Also, we can determine the direction of the Coriolis force quite easily:
In the rotating frame, we have: $ \boldsymbol{\vec{v}_0} = -v_0\boldsymbol{\hat{y}}$, as the initial velocity is down towards the center when the ball is at the top, as in the right diagram you attached.
For the angular velocity relative to the ground, we have counterclockwise motion so $\boldsymbol{\vec{\omega}} = \omega\boldsymbol{\hat{z}}$, (with $\omega>0$). This gives:
$$ \boldsymbol{\vec{F}_{\text{coriolis}}} = -2m\ \boldsymbol{\vec{\omega}}\times\boldsymbol{\vec{v}_0} = -2m\begin{vmatrix} \boldsymbol{\hat{x}} & \boldsymbol{\hat{y}} & \boldsymbol{\hat{z}} \\ 0 & 0 & \omega \\ 0 & -v_0 & 0 \end{vmatrix} = -2m\omega v_0\boldsymbol{\hat{x}} $$
This makes sense: the force is acting towards the negative $x$ axis, but the ball is thrown from the other side, so the resulting force on the ball is to the right relative to the direction of the throw.
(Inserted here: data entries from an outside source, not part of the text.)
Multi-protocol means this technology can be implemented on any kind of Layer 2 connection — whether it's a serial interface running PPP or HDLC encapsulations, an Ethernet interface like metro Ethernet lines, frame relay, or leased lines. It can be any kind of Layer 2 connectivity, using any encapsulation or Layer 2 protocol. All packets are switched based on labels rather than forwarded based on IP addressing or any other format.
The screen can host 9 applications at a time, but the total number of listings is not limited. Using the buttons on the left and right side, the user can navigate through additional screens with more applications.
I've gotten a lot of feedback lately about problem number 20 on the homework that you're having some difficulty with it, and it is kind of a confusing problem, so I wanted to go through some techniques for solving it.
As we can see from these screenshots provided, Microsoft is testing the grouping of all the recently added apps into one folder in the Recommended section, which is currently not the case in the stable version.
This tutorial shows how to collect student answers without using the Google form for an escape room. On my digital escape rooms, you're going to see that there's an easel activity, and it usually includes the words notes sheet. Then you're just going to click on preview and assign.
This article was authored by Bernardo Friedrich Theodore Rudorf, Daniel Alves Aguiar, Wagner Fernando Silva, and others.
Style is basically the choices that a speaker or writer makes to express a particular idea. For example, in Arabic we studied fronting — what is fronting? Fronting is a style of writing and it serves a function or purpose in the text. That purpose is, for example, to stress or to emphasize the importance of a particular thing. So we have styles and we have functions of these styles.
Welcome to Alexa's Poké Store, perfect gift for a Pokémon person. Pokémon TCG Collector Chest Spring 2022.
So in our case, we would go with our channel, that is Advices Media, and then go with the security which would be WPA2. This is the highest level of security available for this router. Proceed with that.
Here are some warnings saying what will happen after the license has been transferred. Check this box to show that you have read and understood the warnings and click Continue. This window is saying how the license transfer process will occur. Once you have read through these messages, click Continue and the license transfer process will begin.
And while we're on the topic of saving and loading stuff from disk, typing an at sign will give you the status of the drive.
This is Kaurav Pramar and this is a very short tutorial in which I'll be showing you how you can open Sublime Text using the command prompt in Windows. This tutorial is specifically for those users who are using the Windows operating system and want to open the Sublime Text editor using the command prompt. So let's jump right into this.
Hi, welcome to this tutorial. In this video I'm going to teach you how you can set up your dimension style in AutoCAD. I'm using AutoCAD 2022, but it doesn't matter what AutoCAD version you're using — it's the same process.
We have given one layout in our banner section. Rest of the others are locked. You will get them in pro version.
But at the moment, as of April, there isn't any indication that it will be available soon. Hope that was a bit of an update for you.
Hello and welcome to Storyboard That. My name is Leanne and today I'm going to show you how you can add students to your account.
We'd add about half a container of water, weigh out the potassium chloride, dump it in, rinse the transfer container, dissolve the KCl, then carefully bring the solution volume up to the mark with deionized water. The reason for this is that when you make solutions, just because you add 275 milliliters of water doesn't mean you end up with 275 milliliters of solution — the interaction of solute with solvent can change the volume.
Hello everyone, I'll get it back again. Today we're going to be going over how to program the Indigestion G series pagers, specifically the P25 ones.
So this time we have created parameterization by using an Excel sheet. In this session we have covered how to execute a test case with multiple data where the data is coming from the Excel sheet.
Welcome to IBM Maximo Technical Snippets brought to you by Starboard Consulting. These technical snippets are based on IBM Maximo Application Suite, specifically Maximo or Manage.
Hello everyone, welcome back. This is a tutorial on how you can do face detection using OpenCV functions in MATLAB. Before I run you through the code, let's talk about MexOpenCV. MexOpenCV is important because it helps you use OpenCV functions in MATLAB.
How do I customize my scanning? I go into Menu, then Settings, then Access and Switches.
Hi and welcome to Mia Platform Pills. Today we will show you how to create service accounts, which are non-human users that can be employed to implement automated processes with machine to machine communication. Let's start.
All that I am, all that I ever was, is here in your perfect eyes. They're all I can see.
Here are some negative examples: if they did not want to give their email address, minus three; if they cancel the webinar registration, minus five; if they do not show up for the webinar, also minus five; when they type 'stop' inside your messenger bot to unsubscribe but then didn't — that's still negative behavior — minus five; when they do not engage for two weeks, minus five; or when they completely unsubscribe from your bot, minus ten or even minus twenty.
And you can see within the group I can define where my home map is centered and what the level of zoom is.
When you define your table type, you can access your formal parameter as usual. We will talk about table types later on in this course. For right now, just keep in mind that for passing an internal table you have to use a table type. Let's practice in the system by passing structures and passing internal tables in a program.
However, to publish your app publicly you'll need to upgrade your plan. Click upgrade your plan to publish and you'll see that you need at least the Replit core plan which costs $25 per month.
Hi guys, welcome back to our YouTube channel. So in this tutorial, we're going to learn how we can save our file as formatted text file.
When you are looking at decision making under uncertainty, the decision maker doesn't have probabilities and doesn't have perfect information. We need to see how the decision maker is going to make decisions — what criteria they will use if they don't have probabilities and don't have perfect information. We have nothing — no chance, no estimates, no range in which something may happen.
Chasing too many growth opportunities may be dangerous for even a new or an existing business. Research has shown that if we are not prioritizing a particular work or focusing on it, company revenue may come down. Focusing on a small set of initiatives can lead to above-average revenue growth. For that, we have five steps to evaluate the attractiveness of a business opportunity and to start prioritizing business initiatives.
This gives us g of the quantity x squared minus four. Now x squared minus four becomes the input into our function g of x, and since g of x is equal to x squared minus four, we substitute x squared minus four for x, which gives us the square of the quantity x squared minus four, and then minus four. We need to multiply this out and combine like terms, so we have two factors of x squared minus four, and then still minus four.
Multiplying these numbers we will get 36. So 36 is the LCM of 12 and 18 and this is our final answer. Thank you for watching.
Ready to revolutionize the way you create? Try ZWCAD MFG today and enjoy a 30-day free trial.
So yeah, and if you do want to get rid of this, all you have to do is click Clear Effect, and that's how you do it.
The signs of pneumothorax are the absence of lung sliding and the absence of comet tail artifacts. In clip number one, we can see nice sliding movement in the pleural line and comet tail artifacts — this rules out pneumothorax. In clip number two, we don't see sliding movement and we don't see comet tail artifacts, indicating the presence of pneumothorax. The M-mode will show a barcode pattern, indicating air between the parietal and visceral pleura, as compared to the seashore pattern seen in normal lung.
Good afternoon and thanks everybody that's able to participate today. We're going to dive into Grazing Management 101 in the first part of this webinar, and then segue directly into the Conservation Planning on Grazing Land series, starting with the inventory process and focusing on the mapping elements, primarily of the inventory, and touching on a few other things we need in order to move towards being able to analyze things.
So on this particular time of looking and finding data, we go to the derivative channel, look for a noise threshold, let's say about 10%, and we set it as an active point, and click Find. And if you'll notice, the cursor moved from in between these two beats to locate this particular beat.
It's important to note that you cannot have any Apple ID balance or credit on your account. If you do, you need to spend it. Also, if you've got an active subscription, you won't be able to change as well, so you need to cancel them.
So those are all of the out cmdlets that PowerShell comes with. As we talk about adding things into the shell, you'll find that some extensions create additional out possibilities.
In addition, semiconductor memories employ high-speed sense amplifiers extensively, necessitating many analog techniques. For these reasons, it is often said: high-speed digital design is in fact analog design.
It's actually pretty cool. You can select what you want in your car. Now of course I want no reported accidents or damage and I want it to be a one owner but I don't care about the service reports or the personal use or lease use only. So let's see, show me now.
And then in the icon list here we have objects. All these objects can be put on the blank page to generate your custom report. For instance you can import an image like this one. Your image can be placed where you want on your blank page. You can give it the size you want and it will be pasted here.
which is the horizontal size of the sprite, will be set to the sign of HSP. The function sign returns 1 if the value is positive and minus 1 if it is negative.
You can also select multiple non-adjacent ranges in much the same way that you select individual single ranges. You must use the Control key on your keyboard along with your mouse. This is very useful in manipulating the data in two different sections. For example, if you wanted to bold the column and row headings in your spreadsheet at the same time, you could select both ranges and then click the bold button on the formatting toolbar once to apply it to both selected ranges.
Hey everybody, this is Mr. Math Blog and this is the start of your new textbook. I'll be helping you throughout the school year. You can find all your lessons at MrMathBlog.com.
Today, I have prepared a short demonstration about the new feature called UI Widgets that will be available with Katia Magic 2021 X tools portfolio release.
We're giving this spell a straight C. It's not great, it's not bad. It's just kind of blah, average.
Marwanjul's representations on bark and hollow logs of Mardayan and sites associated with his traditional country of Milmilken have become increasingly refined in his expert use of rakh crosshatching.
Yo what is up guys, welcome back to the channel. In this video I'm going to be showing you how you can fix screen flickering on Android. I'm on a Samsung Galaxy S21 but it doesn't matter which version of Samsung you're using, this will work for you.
This is a well known result that in a counterclockwise rotating frame, the Coriolis force induces clockwise motion (and vice versa).
Take note however that $\boldsymbol{\vec{v}_0}$ is measured in the rotating frame, so it is not constant. This entire computation is good for the initial velocity. An instant after the throw, the velocity vector will begin deviating from pointing radially inwards in the rotating frame.